What you are asked to do:
What is needed is a verbatim copy of every record below, with the pictures left out.

Exercise input:
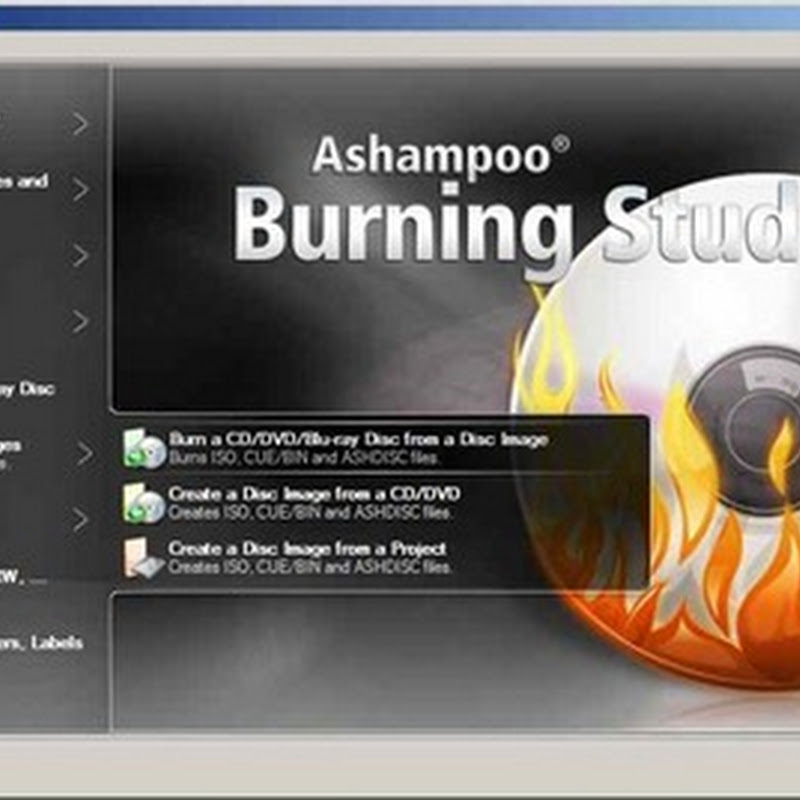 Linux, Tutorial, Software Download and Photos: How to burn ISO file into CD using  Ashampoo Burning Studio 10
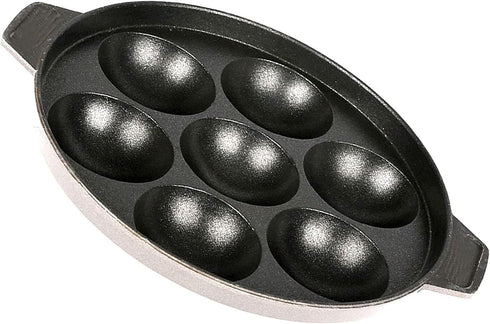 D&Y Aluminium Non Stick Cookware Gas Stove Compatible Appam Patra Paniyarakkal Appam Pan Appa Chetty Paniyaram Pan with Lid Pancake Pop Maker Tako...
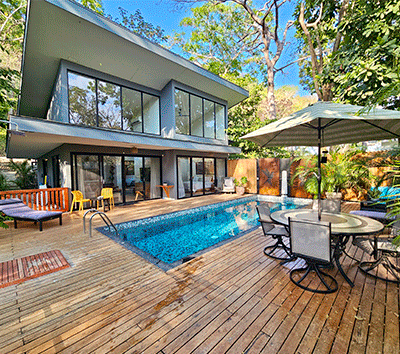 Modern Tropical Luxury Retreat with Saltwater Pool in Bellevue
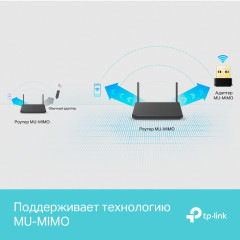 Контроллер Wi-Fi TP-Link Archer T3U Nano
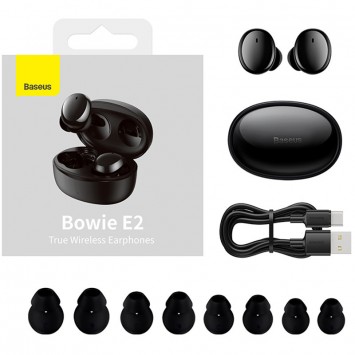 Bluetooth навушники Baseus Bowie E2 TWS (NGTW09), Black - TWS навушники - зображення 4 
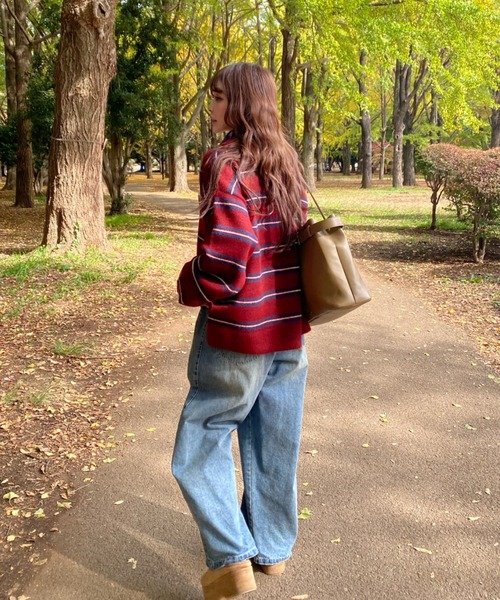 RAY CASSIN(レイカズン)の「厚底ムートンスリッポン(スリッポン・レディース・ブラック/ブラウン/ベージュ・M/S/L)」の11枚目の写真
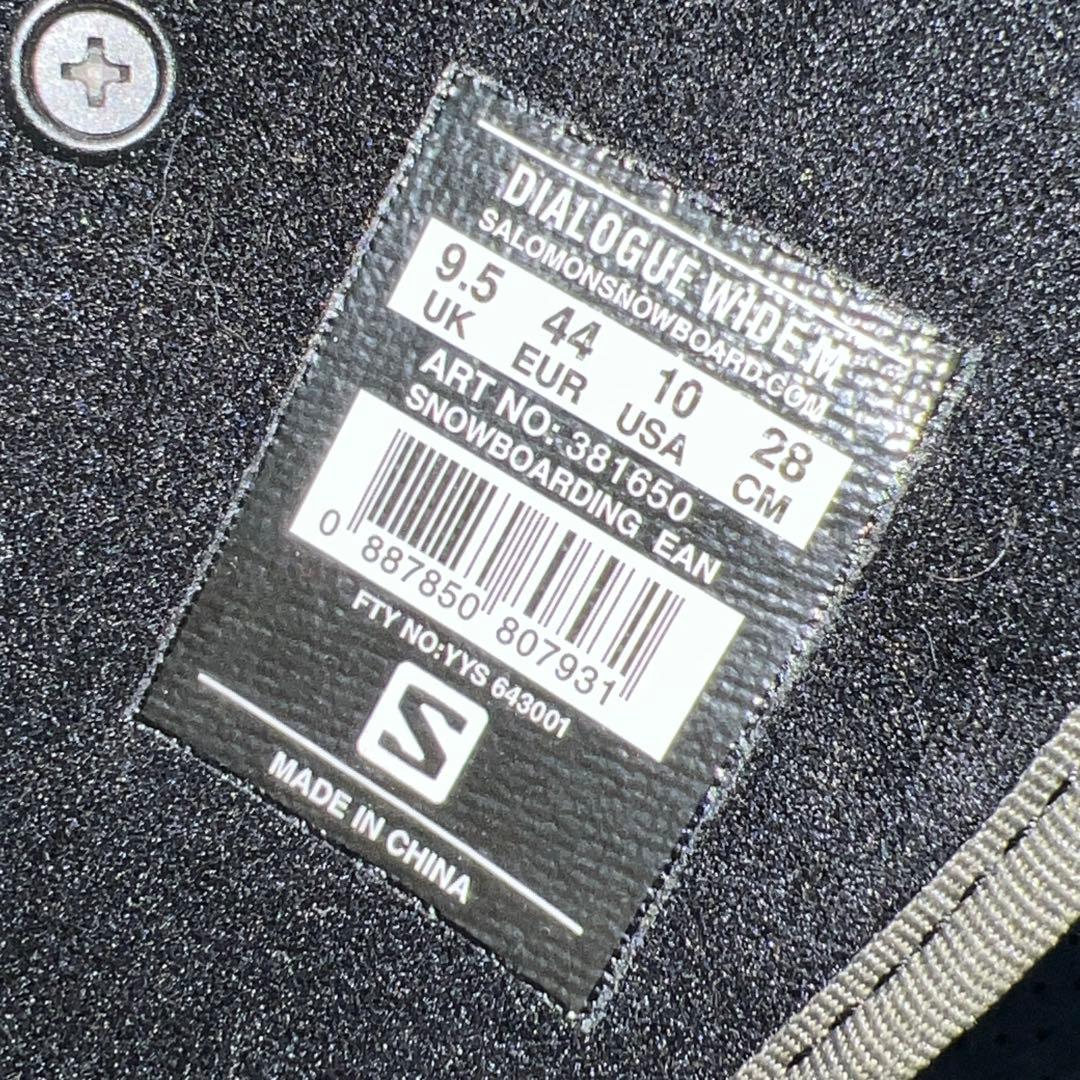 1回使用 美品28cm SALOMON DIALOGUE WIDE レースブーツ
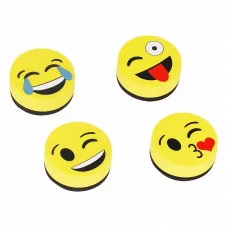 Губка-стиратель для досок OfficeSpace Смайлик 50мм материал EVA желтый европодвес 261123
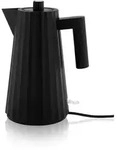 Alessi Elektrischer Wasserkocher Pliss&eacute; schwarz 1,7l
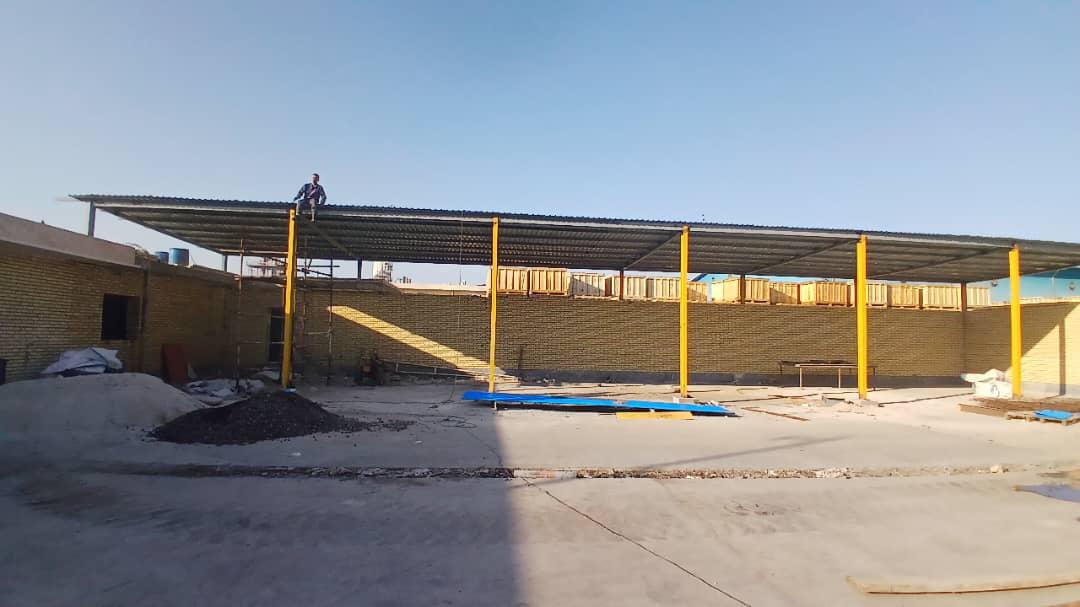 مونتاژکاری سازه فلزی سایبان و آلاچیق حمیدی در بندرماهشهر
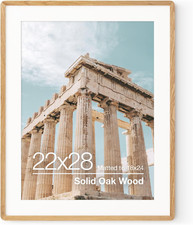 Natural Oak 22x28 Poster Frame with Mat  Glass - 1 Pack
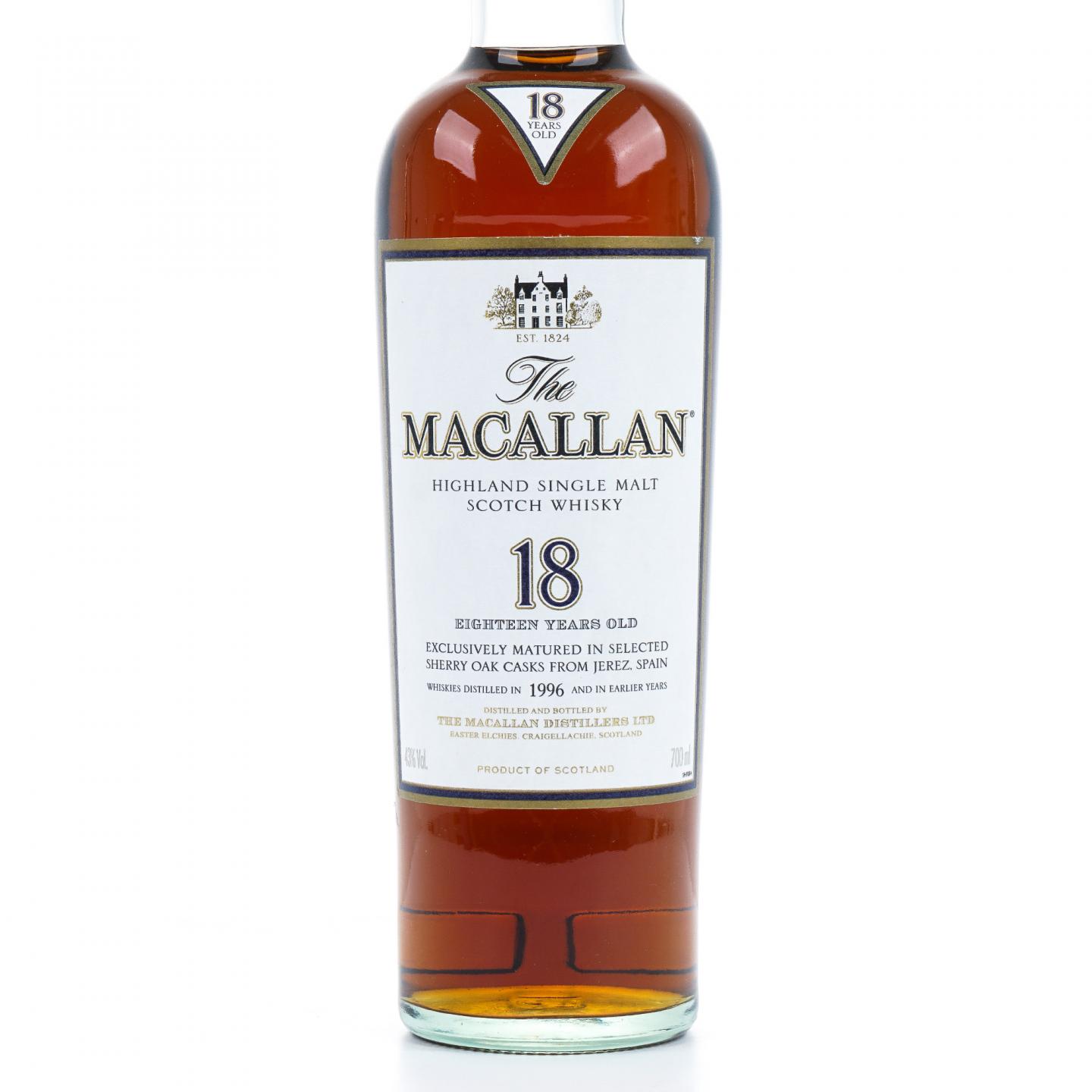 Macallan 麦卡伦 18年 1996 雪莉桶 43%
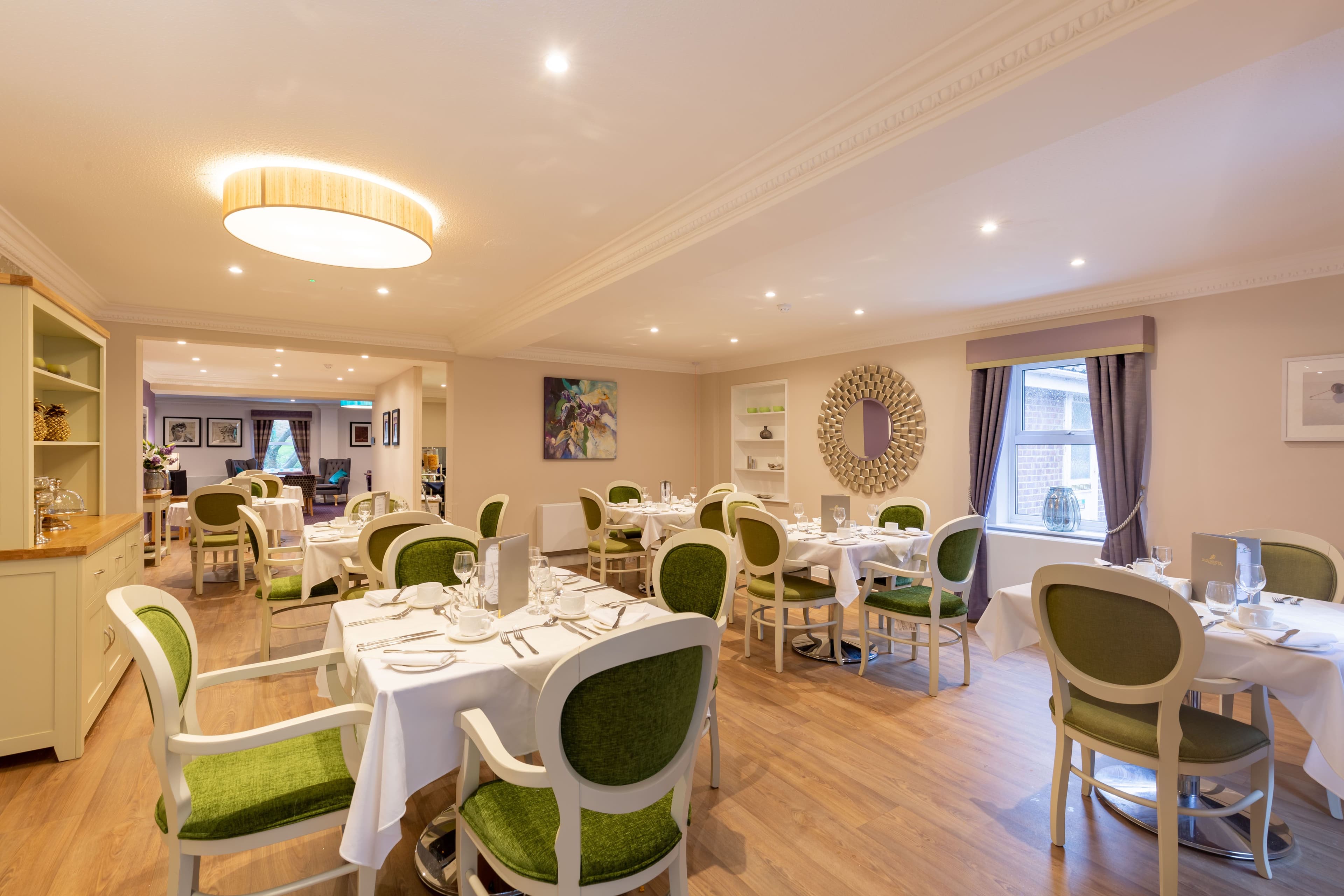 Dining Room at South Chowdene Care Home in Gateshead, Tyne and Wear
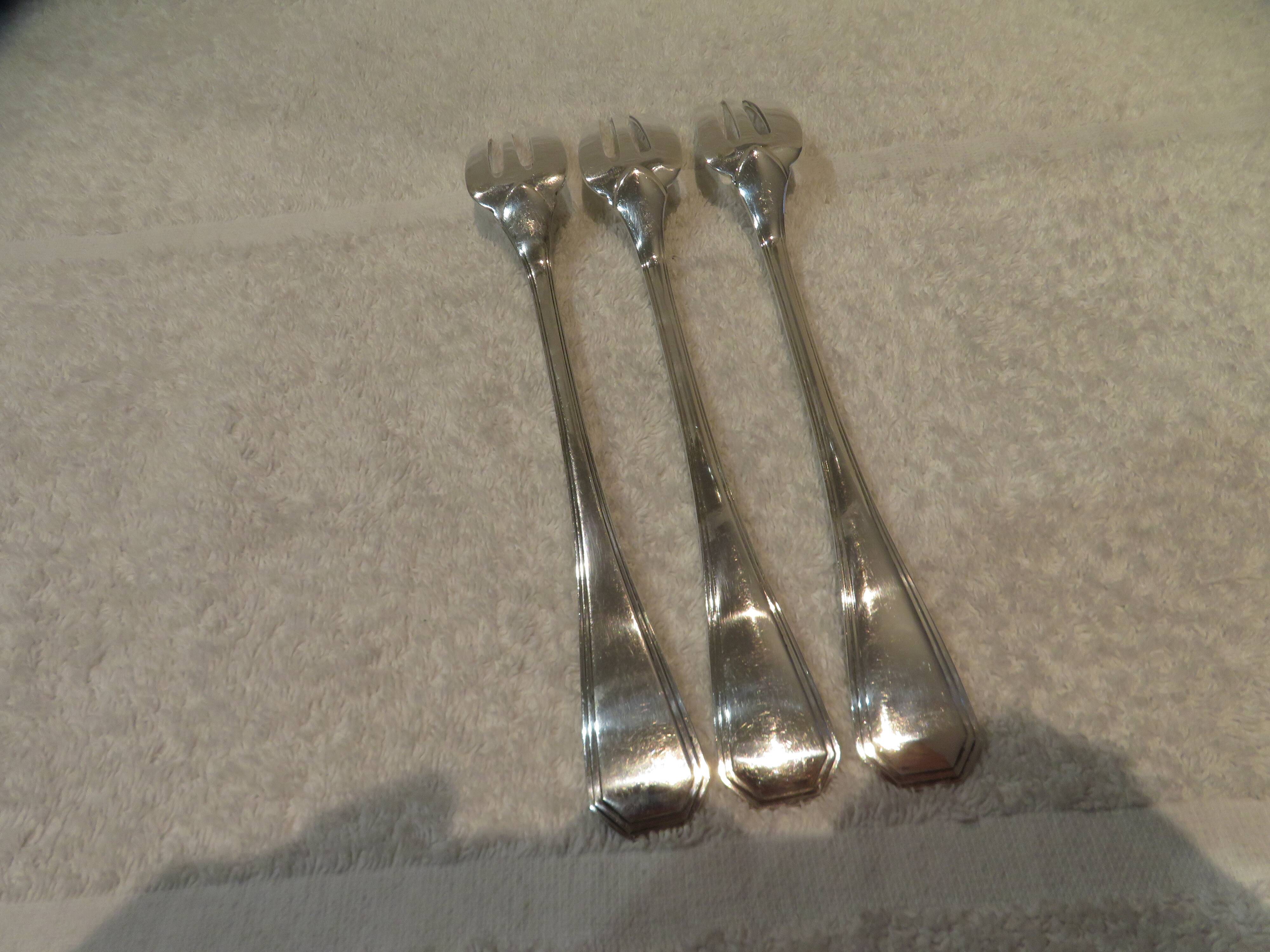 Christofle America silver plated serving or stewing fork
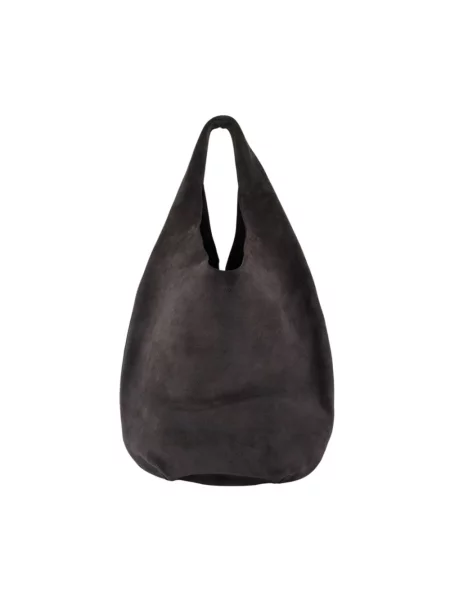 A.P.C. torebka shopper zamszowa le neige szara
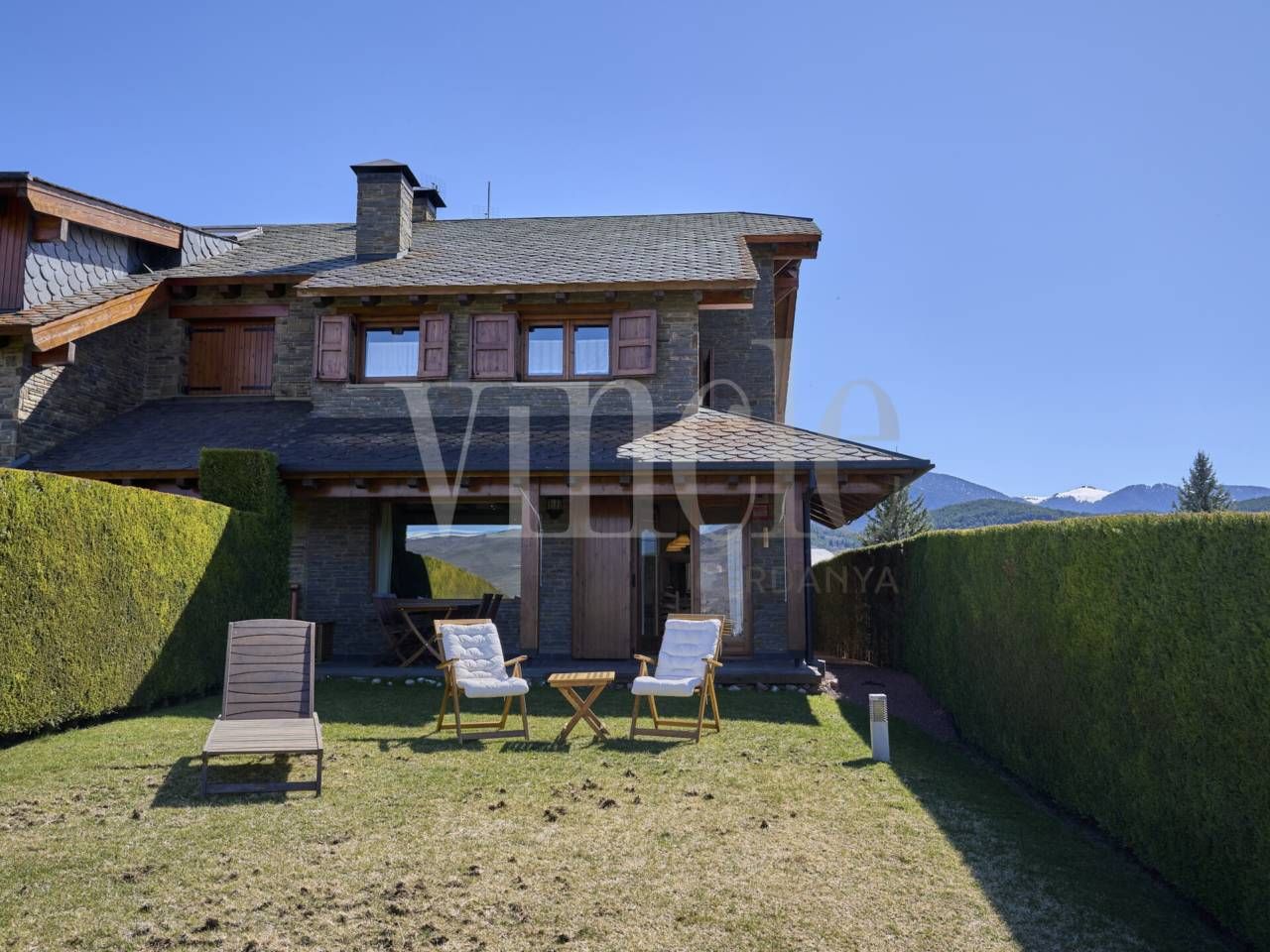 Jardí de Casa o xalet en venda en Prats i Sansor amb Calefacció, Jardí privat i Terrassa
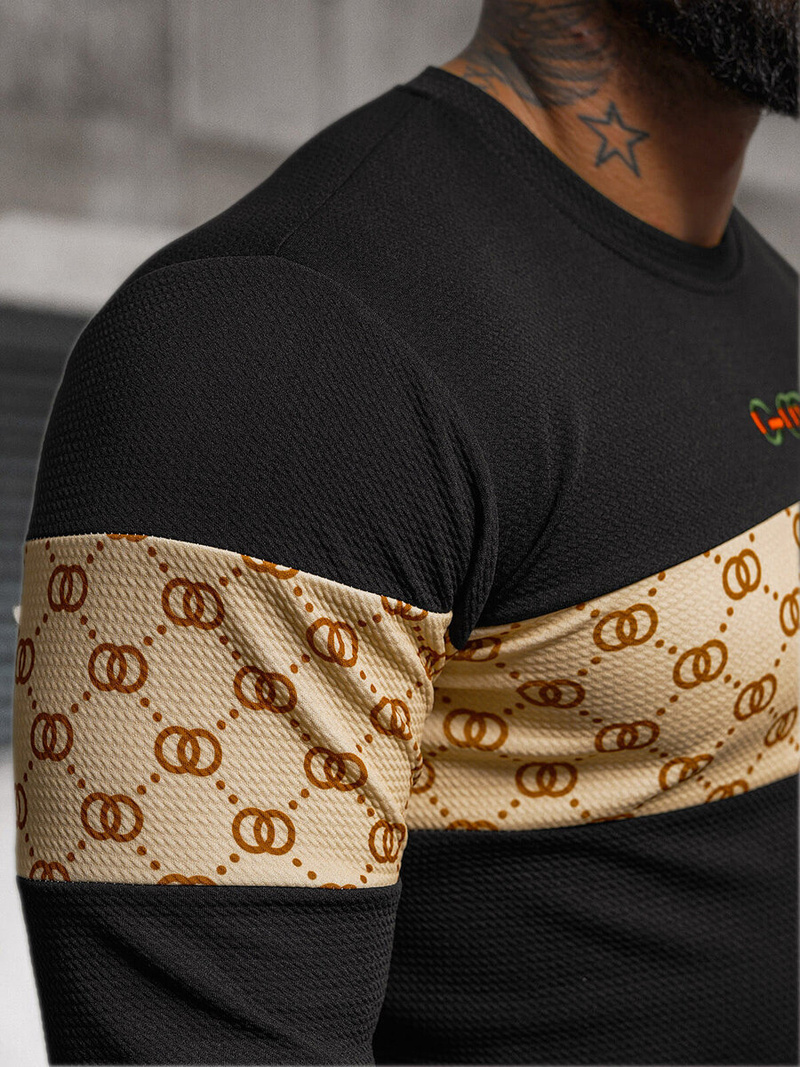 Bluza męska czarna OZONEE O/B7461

Exercise solution:
 Linux, Tutorial, Software Download and Photos: How to burn ISO file into CD using  Ashampoo Burning Studio 10
 D&Y Aluminium Non Stick Cookware Gas Stove Compatible Appam Patra Paniyarakkal Appam Pan Appa Chetty Paniyaram Pan with Lid Pancake Pop Maker Tako...
 Modern Tropical Luxury Retreat with Saltwater Pool in Bellevue
 Контроллер Wi-Fi TP-Link Archer T3U Nano
 Bluetooth навушники Baseus Bowie E2 TWS (NGTW09), Black - TWS навушники - зображення 4 
 RAY CASSIN(レイカズン)の「厚底ムートンスリッポン(スリッポン・レディース・ブラック/ブラウン/ベージュ・M/S/L)」の11枚目の写真
 1回使用 美品28cm SALOMON DIALOGUE WIDE レースブーツ
 Губка-стиратель для досок OfficeSpace Смайлик 50мм материал EVA желтый европодвес 261123
 Alessi Elektrischer Wasserkocher Pliss&eacute; schwarz 1,7l
 مونتاژکاری سازه فلزی سایبان و آلاچیق حمیدی در بندرماهشهر
 Natural Oak 22x28 Poster Frame with Mat  Glass - 1 Pack
 Macallan 麦卡伦 18年 1996 雪莉桶 43%
 Dining Room at South Chowdene Care Home in Gateshead, Tyne and Wear
 Christofle America silver plated serving or stewing fork
 A.P.C. torebka shopper zamszowa le neige szara
 Jardí de Casa o xalet en venda en Prats i Sansor amb Calefacció, Jardí privat i Terrassa
 Bluza męska czarna OZONEE O/B7461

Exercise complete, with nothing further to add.